Deep dive into Docker Image Layers

In my previous post Getting started with docker, I explained the basics of docker. In this post, we will be deep diving into docker image layers. We will be covering the following topics in this post,

  1. What are docker image layers?
  2. Why does knowing docker image layers matter?
  3. Where do these intermediary images reside and how to see them?
  4. What are the constituents of a docker container size?

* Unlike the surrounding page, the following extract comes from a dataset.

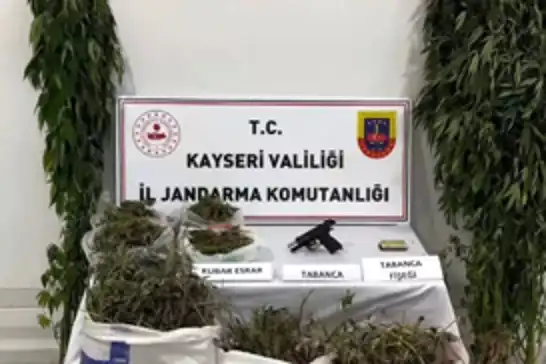 Kayseri'de 3.8 kg uyuşturucu ele geçirildi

Are you ready? Yes! So let’s start…

What are docker image layers?

When we build a docker image using Dockerfile, you must have seen the logs on the terminal console. There you must have seen some sha IDs that it shows. Those sha IDs are nothing but intermediary image layers IDs.

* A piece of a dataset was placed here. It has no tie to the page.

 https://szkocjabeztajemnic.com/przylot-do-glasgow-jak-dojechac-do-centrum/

 docker build -f Dockerfile.new -t bitphile/test-image .      (base)
Sending build context to Docker daemon  7.168kB
Step 1/4 : FROM alpine
 ---> da7260331371
Step 2/4 : COPY app.sh ./app.sh
 ---> 198fdf85c15b
Step 3/4 : RUN chmod +x app.sh
 ---> Running in cf5c357a3254
Removing intermediate container cf5c357a3254
 ---> 8e758ee45de3
Step 4/4 : ENTRYPOINT ["./app.sh"]
 ---> Running in 857700b4b452
Removing intermediate container 857700b4b452
 ---> 4d85107b2c59
Successfully built 4d85107b2c59
Successfully tagged bitphile/test-image:latest

A docker image is made up of several docker image layers. Each of the commands in Dockerfile stacks up a new image layer on top of the previous one.

Note: Commands in Dockerfile are those instructions which do some changes in the file system. Any change made in the file system creates a new image layer. So, commands are responsible for the creation of a new image layer. For example, COPY, RUN, etc are commands.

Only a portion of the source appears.